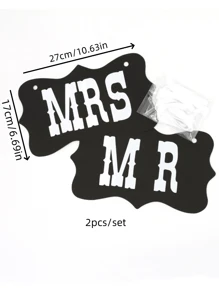2 件/套派对纸质拍摄道具，拉旗，拉花，创意拍照道具，纸质 MR&MRS 卡，适用于婚礼派对装饰，婚纱拍摄，新娘和新郎，婚礼拉回旗 - 彩色 - 查看 9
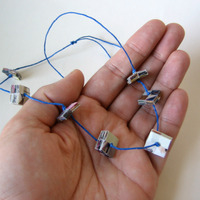 Necklace on Cobalt Blue Cord - Eco Chic - Thumbnail 2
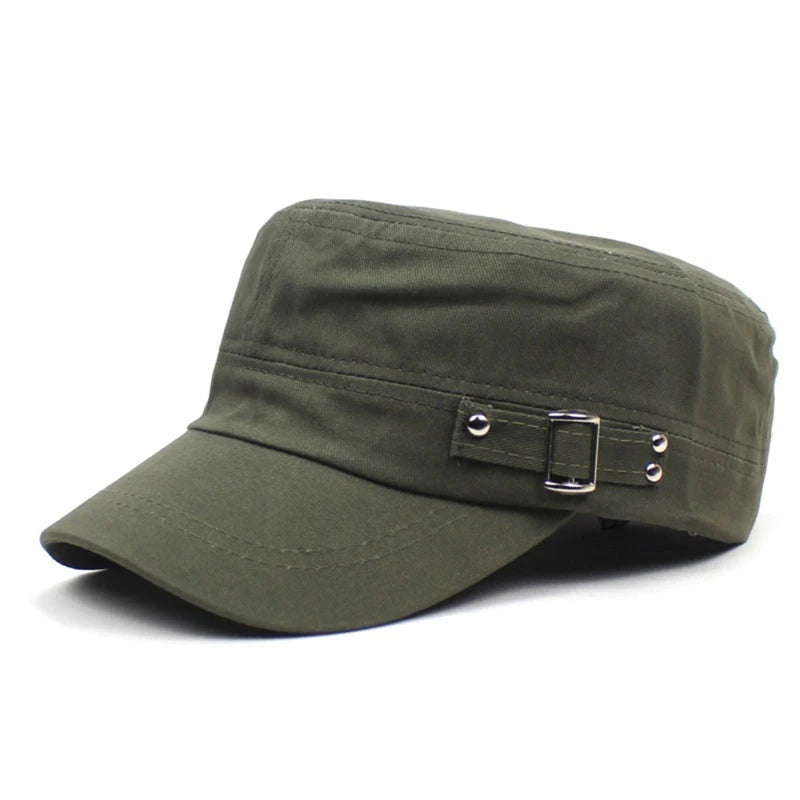 Men's Military Hat Spring/Summer Solid Color Cotton Flat Top Baseball Cap Side Button Duck Tongue Hat Sunscreen Sports Hat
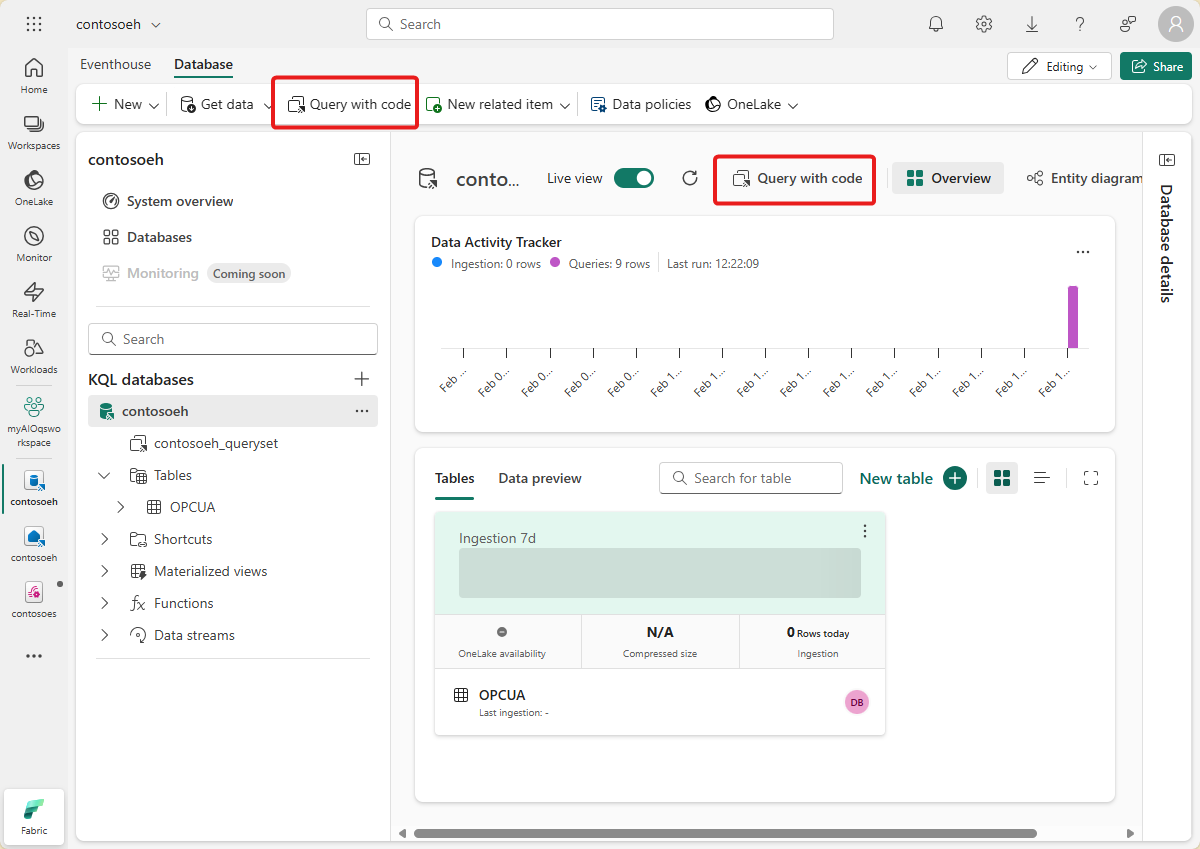 Captura de pantalla que muestra el botón Explorar los datos.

• • •

▶ _Task statement_
A verbatim copy of the data, pictures removed, is the expected result.

▶ _Solution_
2 件/套派对纸质拍摄道具，拉旗，拉花，创意拍照道具，纸质 MR&MRS 卡，适用于婚礼派对装饰，婚纱拍摄，新娘和新郎，婚礼拉回旗 - 彩色 - 查看 9
 Necklace on Cobalt Blue Cord - Eco Chic - Thumbnail 2
 Men's Military Hat Spring/Summer Solid Color Cotton Flat Top Baseball Cap Side Button Duck Tongue Hat Sunscreen Sports Hat
 Captura de pantalla que muestra el botón Explorar los datos.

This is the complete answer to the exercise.